Problem: Write out the line with "一级建造师题库app图标" and every later line through the end of the data below, exactly as given, with no pictures in the copy.

►

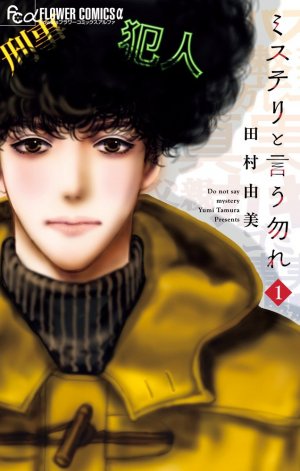 couverture, jaquette Don't call it Mystery 1  (Shogakukan) Manga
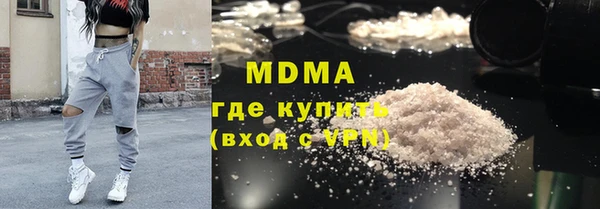 мяу мяу мука Алексин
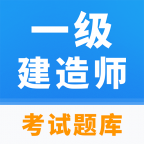一级建造师题库app图标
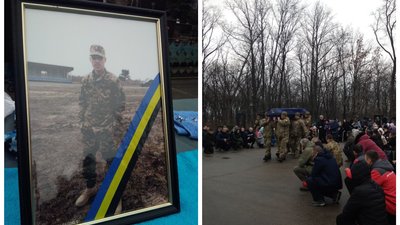 Був фахівцем з авіаційної безпеки. У Кропивницькому попрощалися з захисником Сергієм Довгенком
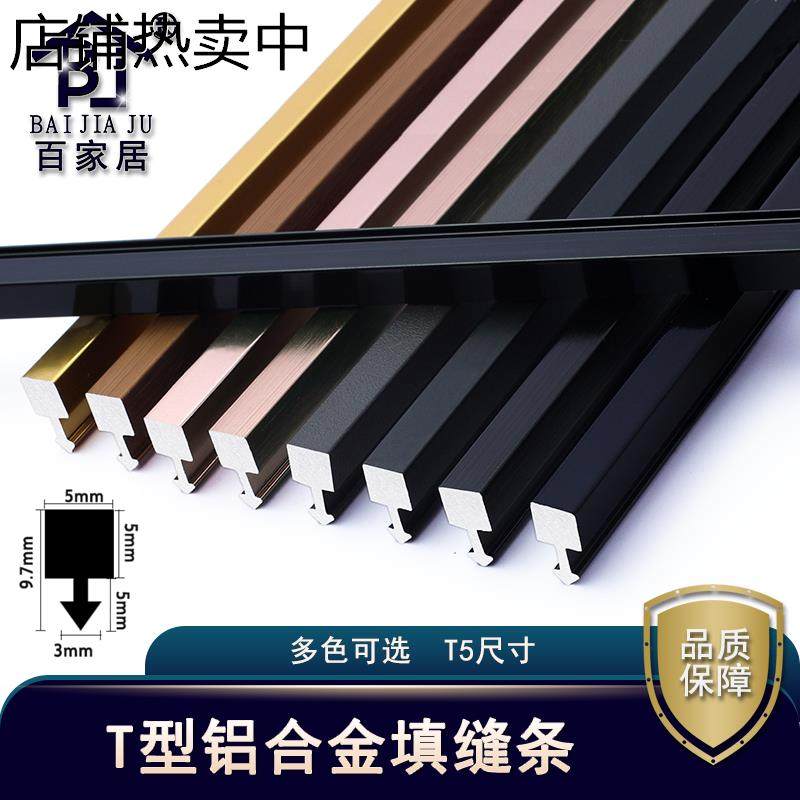 铝合金T型收边瓷砖地板金属装饰压条门嵌条实心3/5/10铜条填缝条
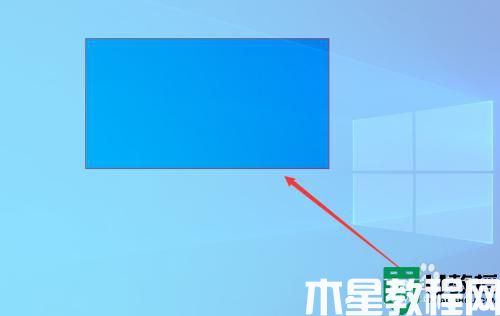 戴爾電腦截屏方法_戴爾電腦怎么截屏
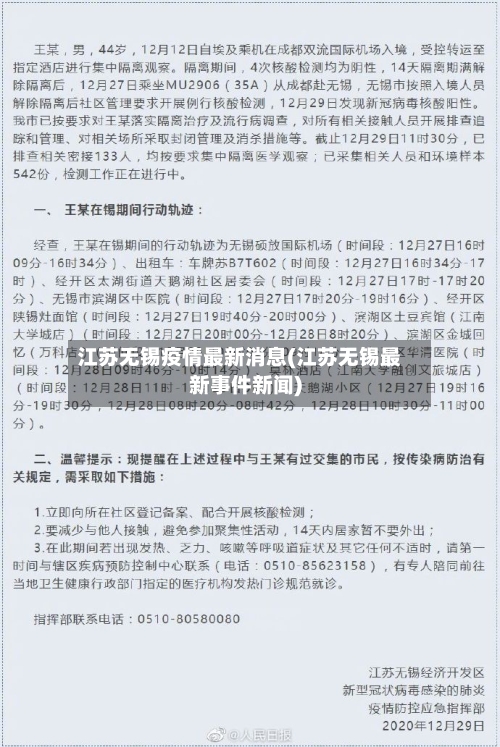 江苏无锡疫情最新消息(江苏无锡最新事件新闻)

◄

Answer box:
一级建造师题库app图标
 Був фахівцем з авіаційної безпеки. У Кропивницькому попрощалися з захисником Сергієм Довгенком
 铝合金T型收边瓷砖地板金属装饰压条门嵌条实心3/5/10铜条填缝条
 戴爾電腦截屏方法_戴爾電腦怎么截屏
 江苏无锡疫情最新消息(江苏无锡最新事件新闻)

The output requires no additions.